Cinquenta anos atrás, as ruas de Leningrado me ensinaram uma lição: se uma luta é inevitável, ataque primeiro.” Essa frase, dita por Vladimir Putin ao jornalista Oleg Blotsky, poderia soar como uma justificativa para a invasão da Ucrânia, mas foi registrada em 2015.
O próprio Putin associava sua infância ao filme The Sandpit Generals, adaptação de Capitães da Areia, de Jorge Amado. Em uma de suas autobiografias, ele foi ainda mais direto:
“Afinal, cresci no pátio, onde a autoafirmação de uma criança se manifesta de outra forma. Viver no pátio era como viver na selva. Era muito parecido. A vida na rua era, por si só, muito livre. Exatamente como no filme Capitães da Areia. Para nós, era o mesmo. Talvez a única diferença fosse o clima. Em Capitães, fazia mais calor. Lá, a garotada se reunia na praia. Mas, no restante, era tudo igual.”
O filme, uma produção americana rodada em Salvador em 1969, fez sucesso quase exclusivamente na antiga União Soviética, onde estreou em 1973. A recepção foi tão grande que ampliou a fama de Jorge Amado e transformou a trilha sonora, Canção da Partida, de Dorival Caymmi, em um hit.

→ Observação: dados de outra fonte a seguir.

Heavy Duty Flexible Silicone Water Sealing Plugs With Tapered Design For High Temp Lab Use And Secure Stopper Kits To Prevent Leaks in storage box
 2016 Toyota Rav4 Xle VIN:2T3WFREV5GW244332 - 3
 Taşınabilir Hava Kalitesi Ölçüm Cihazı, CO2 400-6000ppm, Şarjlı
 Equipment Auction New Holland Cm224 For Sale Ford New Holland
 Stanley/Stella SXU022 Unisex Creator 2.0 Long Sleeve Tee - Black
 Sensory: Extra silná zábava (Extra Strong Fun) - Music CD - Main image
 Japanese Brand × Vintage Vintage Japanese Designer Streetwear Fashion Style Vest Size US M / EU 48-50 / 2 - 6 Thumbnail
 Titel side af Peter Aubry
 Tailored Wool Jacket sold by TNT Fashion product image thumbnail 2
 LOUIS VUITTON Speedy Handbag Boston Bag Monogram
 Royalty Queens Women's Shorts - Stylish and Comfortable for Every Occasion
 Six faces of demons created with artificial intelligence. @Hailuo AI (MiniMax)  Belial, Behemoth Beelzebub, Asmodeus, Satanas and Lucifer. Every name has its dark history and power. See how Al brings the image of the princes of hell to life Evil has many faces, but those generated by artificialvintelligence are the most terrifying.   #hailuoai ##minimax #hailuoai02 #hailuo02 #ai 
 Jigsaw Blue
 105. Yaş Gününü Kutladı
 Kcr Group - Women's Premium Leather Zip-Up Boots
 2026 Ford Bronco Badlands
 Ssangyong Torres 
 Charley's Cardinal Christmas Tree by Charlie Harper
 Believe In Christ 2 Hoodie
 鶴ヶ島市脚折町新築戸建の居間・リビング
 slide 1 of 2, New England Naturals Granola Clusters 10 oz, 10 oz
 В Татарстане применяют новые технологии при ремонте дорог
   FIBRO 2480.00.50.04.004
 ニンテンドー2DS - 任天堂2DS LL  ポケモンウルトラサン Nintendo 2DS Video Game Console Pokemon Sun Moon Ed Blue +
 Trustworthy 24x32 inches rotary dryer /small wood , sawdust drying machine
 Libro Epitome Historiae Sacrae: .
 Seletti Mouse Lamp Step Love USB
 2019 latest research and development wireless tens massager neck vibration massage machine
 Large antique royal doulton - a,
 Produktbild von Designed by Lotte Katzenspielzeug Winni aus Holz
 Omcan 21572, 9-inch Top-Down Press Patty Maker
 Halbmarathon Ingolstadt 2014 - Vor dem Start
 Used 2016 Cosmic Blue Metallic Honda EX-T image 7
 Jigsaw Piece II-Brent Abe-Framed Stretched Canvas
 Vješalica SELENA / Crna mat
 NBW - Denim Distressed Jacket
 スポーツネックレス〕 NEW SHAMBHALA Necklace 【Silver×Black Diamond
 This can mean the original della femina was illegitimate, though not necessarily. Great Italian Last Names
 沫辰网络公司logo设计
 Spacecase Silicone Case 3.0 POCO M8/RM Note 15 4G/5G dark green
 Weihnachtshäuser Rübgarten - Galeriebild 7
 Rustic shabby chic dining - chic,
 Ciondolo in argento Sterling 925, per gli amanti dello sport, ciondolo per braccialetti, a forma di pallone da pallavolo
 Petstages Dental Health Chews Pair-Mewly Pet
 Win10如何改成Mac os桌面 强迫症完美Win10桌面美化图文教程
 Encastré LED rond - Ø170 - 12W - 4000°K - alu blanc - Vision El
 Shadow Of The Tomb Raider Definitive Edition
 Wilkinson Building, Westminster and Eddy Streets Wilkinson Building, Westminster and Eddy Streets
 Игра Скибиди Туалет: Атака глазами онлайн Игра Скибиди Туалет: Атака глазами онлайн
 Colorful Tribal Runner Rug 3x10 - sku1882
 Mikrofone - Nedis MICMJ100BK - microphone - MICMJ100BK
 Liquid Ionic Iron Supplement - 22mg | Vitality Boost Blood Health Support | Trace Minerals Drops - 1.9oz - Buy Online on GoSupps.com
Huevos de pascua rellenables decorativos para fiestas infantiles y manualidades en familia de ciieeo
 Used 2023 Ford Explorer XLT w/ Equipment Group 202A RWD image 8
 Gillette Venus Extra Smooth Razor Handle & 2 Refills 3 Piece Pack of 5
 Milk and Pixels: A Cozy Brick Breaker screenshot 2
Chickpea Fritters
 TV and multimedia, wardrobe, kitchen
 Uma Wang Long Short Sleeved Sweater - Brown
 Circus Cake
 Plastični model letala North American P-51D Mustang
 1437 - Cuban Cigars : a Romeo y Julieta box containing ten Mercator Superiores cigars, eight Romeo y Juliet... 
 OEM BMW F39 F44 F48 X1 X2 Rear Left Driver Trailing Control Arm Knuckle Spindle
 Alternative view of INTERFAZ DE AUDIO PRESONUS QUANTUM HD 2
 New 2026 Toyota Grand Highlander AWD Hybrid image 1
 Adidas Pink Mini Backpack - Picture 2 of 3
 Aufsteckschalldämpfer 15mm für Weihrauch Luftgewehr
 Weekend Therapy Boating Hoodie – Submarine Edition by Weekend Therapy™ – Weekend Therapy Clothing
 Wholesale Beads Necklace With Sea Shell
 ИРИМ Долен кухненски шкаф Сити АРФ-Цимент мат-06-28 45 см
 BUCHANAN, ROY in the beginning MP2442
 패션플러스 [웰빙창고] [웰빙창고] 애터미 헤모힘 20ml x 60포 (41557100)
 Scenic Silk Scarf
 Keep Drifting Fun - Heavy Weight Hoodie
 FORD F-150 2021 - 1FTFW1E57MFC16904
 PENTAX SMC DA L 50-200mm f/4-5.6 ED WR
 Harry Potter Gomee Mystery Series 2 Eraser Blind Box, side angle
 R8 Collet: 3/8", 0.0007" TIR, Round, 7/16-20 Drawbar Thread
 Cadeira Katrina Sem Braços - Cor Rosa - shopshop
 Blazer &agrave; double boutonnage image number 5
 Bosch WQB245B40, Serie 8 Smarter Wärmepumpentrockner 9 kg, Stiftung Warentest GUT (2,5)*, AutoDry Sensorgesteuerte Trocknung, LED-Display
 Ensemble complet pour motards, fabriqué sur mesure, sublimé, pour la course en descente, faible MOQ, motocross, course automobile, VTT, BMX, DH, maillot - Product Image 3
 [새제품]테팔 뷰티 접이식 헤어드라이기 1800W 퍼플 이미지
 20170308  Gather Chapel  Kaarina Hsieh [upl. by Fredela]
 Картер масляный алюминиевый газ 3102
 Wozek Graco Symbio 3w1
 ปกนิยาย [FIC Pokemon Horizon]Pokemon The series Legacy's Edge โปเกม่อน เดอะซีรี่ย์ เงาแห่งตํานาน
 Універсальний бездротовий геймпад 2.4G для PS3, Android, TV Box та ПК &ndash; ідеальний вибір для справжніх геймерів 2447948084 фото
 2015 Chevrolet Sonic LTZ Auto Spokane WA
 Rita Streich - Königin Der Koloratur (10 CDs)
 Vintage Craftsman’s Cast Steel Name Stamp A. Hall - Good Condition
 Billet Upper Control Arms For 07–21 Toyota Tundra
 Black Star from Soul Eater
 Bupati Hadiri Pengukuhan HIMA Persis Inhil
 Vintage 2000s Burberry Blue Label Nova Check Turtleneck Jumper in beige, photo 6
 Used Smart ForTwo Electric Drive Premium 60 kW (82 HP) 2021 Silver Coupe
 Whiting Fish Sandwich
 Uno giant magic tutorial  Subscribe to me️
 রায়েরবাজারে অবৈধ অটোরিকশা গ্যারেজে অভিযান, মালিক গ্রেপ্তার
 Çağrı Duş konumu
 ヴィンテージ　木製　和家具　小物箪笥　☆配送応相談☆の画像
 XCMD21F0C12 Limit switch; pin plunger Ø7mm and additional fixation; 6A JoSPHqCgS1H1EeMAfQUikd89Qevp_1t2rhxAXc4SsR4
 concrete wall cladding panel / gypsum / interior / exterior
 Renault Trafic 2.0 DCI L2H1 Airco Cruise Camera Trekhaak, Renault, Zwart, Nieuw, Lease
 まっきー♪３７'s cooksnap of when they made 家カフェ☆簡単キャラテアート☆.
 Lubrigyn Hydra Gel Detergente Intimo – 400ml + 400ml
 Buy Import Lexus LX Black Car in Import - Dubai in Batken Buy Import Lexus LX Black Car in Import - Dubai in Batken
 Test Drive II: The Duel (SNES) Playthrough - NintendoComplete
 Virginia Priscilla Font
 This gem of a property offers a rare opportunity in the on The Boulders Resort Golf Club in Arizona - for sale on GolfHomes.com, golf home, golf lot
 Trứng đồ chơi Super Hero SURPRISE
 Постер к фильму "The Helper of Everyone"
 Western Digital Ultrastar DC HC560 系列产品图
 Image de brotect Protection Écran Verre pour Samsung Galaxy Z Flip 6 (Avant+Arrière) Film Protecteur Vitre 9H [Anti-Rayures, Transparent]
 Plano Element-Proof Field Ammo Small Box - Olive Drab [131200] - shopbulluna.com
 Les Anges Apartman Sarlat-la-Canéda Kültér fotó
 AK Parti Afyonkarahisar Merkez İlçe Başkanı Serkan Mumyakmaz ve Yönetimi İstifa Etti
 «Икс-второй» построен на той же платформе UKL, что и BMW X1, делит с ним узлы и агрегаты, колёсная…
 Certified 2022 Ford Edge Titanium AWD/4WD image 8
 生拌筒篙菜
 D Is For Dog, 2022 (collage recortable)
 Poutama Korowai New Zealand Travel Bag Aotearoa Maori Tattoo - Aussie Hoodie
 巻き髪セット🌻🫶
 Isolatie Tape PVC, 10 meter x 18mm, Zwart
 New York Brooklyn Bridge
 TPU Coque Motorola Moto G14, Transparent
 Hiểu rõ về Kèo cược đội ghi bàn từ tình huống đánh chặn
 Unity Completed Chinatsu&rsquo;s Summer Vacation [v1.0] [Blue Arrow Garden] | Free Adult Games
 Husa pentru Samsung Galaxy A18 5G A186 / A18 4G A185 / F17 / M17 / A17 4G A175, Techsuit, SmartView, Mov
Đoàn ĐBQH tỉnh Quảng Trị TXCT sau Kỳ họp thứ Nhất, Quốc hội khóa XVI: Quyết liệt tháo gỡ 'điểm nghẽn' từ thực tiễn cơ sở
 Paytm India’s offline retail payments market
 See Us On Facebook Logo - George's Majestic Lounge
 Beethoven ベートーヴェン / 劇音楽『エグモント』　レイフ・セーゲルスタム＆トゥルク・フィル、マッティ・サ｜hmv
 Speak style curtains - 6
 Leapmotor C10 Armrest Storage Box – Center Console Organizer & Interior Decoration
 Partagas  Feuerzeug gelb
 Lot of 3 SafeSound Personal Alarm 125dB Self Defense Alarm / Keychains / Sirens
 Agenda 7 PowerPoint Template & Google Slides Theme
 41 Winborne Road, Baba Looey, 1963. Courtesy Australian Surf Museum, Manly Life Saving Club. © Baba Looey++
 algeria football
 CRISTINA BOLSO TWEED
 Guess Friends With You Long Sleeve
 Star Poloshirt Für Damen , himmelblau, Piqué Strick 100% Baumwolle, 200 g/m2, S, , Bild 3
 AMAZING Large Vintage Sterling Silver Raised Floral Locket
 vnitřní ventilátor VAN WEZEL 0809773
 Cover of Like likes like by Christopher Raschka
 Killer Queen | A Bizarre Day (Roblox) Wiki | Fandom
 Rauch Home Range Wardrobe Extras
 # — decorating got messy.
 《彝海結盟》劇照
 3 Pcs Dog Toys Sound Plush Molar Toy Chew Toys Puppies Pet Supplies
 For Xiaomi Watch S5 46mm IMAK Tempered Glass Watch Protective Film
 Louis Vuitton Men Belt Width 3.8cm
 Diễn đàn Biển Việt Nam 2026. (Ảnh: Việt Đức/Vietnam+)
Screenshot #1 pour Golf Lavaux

O próprio Caymmi, aliás, interpretou o estivador João de Adão na produção.
“Tem em todas as livrarias daqui”, comenta a baiana Silvia Leticia, que mora na Rússia desde o ano passado. “Como é que um escritor da minha cidade é venerado do outro lado do mundo?”, questiona.
Seu marido, russo, já falava sobre a popularidade de Jorge Amado e do filme no país, mas Silvia só entendeu a real dimensão quando se mudou para lá. “Todo Natal passa na TV. No ano passado, foi exibido em horário nobre”, conta. “Entre o Natal e o Ano Novo, vi umas três vezes.”
O escritor baiano Ian Fraser se surpreendeu ao saber que Putin mencionou The Sandpit Generals como referência. “Você tá de brincadeira que ele falou isso”, reagiu. A surpresa tem uma explicação: sua avó, Marian Fraser, foi responsável por encontrar as locações para as filmagens. Americana, com experiência em teatro e cinema, ela acabou escalada para o papel de uma freira. Seus filhos, Elizabeth (mãe de Ian) e James, também participaram do filme.

“Quando Pedro Bala começa a revolução, no final do filme, uma das pessoas ali era minha mãe”, relembra Ian. Sua avó só descobriu a repercussão da obra na União Soviética décadas depois, quando uma pesquisadora russa foi a Salvador entrevistá-la.
Apaixonada por cinema, Marian Fraser viveu em Salvador desde os anos 1950 e ajudou a escolher o terreno da Escola Pan-Americana, voltada para filhos de americanos na cidade. Faleceu em 2018. “Minha avó ajudou muito nas filmagens na ilha, perto da casa que tínhamos lá. Pelo que lembro, foi uma época de festa”, resume Ian. Em agradecimento, o elenco do filme lhe presenteou com uma placa de metal autografada por todos. A peça segue guardada com Ian até hoje.